Sood: Hectic in meeting
Sood: Hectic in meeting

Diplomacy not politics will dictate Nepal’s tumultuous journey ahead, wrote a prominent columnist.

Indeed, as constitutional complications abound in the post-poll Nepal, diplomacy has in some cases even exceeded the limits.

It was largely diplomatic pressure, or persuasion, that came handy for the power-crazy prime minister Girija Prasad Koirala to change his mind on quitting the chair after the poll debacle.

Koirala has been busy receiving foreign diplomats and important calls from foreign capitals.

Taken aback by the strong showing of the Maoists at the hosting key international powers are busy chalking out ways to block the red brigade’s march to Singh Durbar, according to the source.
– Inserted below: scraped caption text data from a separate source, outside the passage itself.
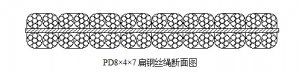 典型的扁钢丝绳结构、公称尺寸8×4×7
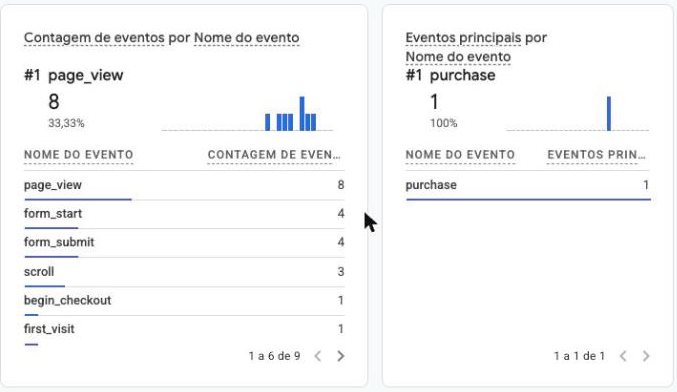 Tempo real do Google Analytics com os eventos page_view, begin_checkout e purchase.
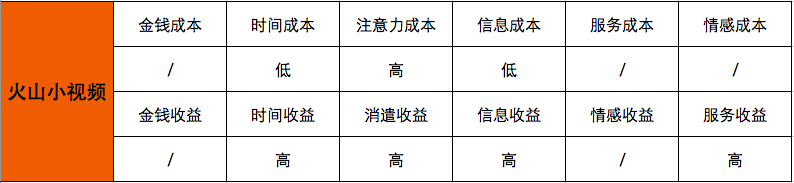 要做一款让用户尖叫的好产品，你必须知道用户成本收益模型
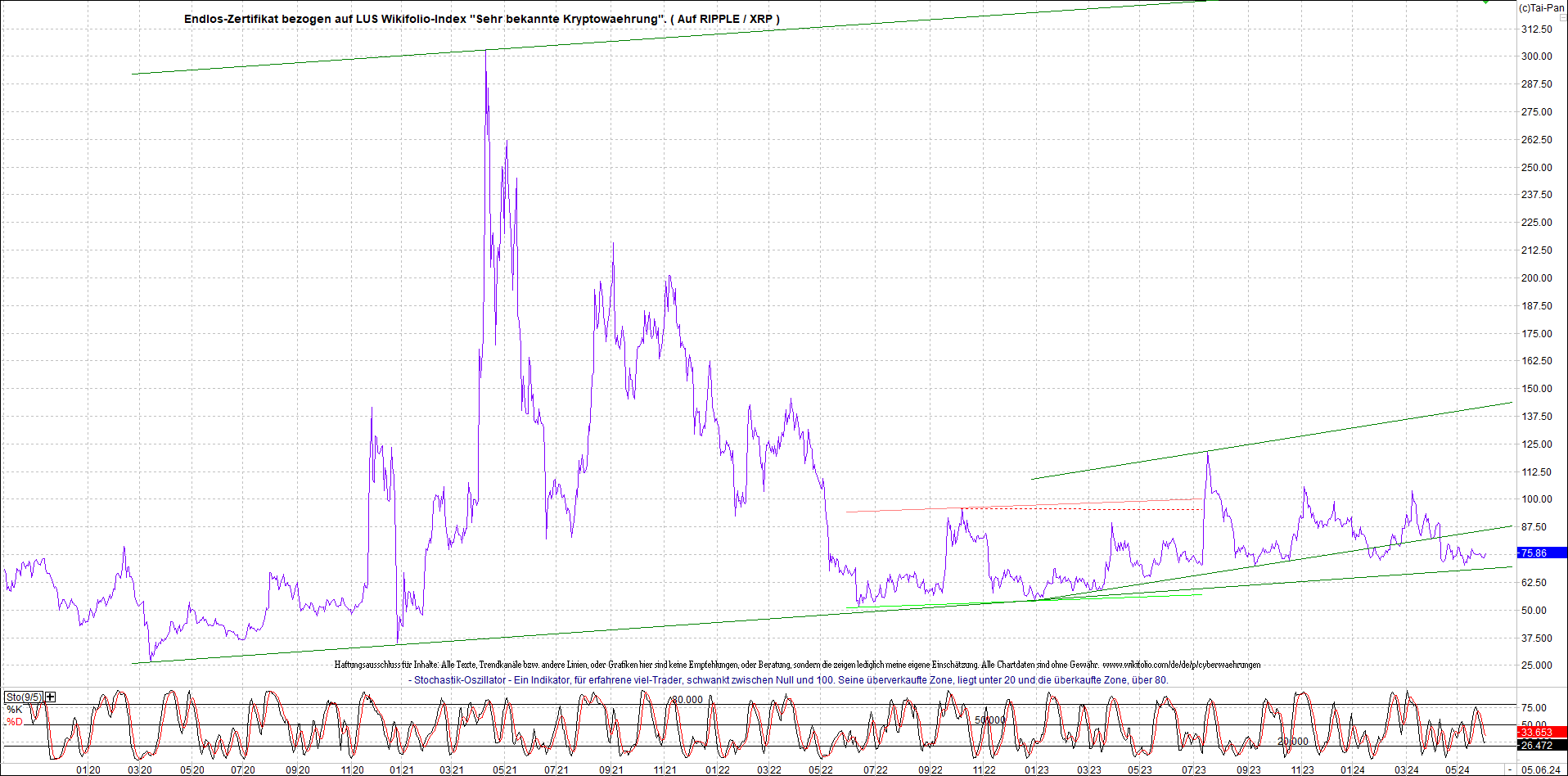 2 Zertifikate auf RIPPLE / XRP und LITECOIN / LTC 1432924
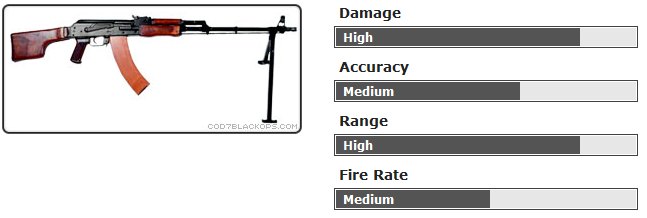 Confirmed Weapons 327d54c7abba0c483ab53b3c644d913a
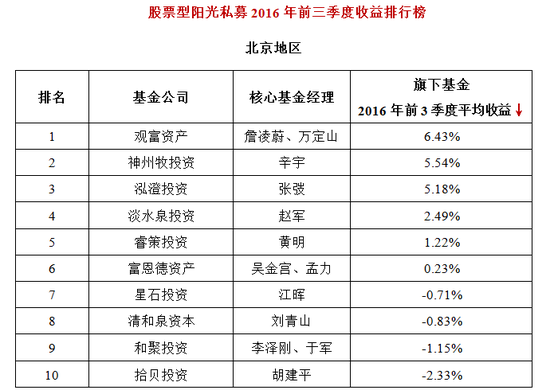 前三季度阳光私募：主观期货最抢眼 收益最高达64%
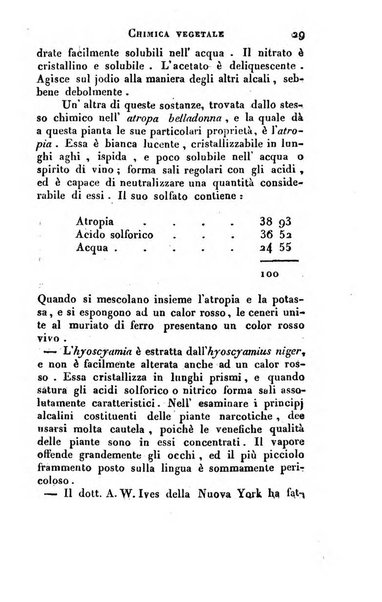 Giornale arcadico di scienze, lettere ed arti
The US position is said to be “discourage” a Maoist government. Ambassador Nancy Powell has gone to Washington for further consultations on the new developments in Kathmandu.

A one-time ambassador to a key strategic ally, Pakistan, and a diplomat with the intelligence background, the American envoy’s briefing in the State Department and the briefing she will get will certainly carry much more importance than is normally assumed. 

Significantly, she has traveled to Washington via Delhi that has the highest stake in Nepal affairs.  India has publicly expressed readiness to work with any government. But the influential neighbor’s discomfort is no secret. 

The urgency was well underscored by the hectic meetings the newly arrived ambassador Rakesh Sood got engaged in even before presenting his credentials.

Sood presented the credentials on Wednesday. By then, he had already made it to the prime minister’s official residence at Baluwatar to see Koirala and to the party central office at Buddhnagar to visit the Maoist chief Prachanda.  

Not far behind was the northern neighbor. China sent a high level delegation of the international department of the ruling communist party. Without big publicity.

The delegation met a cross section of the Nepalese leaders and the intelligentsia in Kathmandu and, even, the ordinary people on the outskirts of the capital valley.

The message was unmistaken, said a China watcher. ‘We too are here. Don’t count us out.’

The Europeans may have reconciled – some are even said to be happy – to the prospect of an ultra left-led government in one of the world’s poorest countries.

Others have not. For obvious reasons. They have a lot more stakes in the geo-politically very strategic Nepal.

They have divergent interests. They collide more often than collude.

Nepal faces the fall-out – mostly negative. The political instability that has plagued the country since its emergence more than two centuries ago is a testimony.

As diplomacy looks set to overtake politics – one more time -- in shaping the future of the much touted New Nepal, bigger challenges await the yam between the two boulders.